A problem arises for the creditor when upon inspection of the National Personal Insolvency Index they discover the person they are trying to bankrupt is already an undischarged bankrupt.
It is a little known fact that although a person is an undischarged bankrupt, a creditor may apply to the Federal Court to have a fresh bankruptcy brought over that person. That is to say have two bankruptcies at the same time.
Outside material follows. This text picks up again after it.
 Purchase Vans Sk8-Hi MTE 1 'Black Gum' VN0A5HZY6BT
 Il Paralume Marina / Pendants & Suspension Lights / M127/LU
Federal Magistrate Rimmer in Scottish Pacific Business Finance Pty Ltd v Matheson clearly explains that there is no hindrance on a creditor bankrupting someone who is already bankrupt in order to secure a debt owed to them. His honour remarked:
“Clearly under the provisions of the Bankruptcy Act itself it is contemplated and anticipated that the Court can made a sequestration order in appropriate circumstances against a debtor who is at the time an undischarged bankrupt. It is clearly one of those appropriate matters as the debtor [in that case] incurred further debt while an undischarged bankrupt and has committed an act of bankruptcy such as to found this creditors petition.”
The facts of this Queensland case involve a creditor company who leased equipment to the debtor for an amount of $87,000.00. The debtor failed to pay that amount and proceedings were brought before the District Court. The creditor successfully obtained judgment and issued a bankruptcy notice. Rimmer FM held that although there was no doubt that the debtor was an undischarged bankrupt there were no reasons brought before him which compelled him to set aside the bankruptcy notice. That is to say the fact that the debtor was also and undischarged bankrupt did not stop him from ordering that he be bankrupt second time.
While there is no specific provision which a creditor may rely on to bring bankruptcy proceedings against an undischarged bankrupt, the Court has determined that it is a combination of the provisions of the Bankruptcy Act which allow it.
The cases explain that a creditor need simply treat the concurrent bankruptcy proceedings as if it were the only one on foot. That is to say the normal process for bankrupting a person applies to bankrupting an undischarged bankrupt. The Federal Court case of Camm v Linke Nominees provides a useful summary of the process a creditor must follow.
Firstly, pursuant to section 58 of the Bankruptcy Act any property acquired after the date a person is made bankrupt immediately vests in the trustee in bankruptcy.
Secondly, pursuant to section 59 of the Bankruptcy Act all property acquired by the bankrupt after the date of their bankruptcy which has not been distributed amongst the creditors, vests in the trustee in bankruptcy to the subsequent bankruptcy. In addition section 59 also provides that the trustee in the earlier bankruptcy shall be deemed to be a creditor in the later bankruptcy for all debts proved in that earlier bankruptcy.
In the light of these cases which interpret the provisions of the Bankruptcy Act creditors can rest assured that, even though the person from whom they are seeking the recovery of a debt is a bankrupt bankruptcy proceedings may still be brought against them.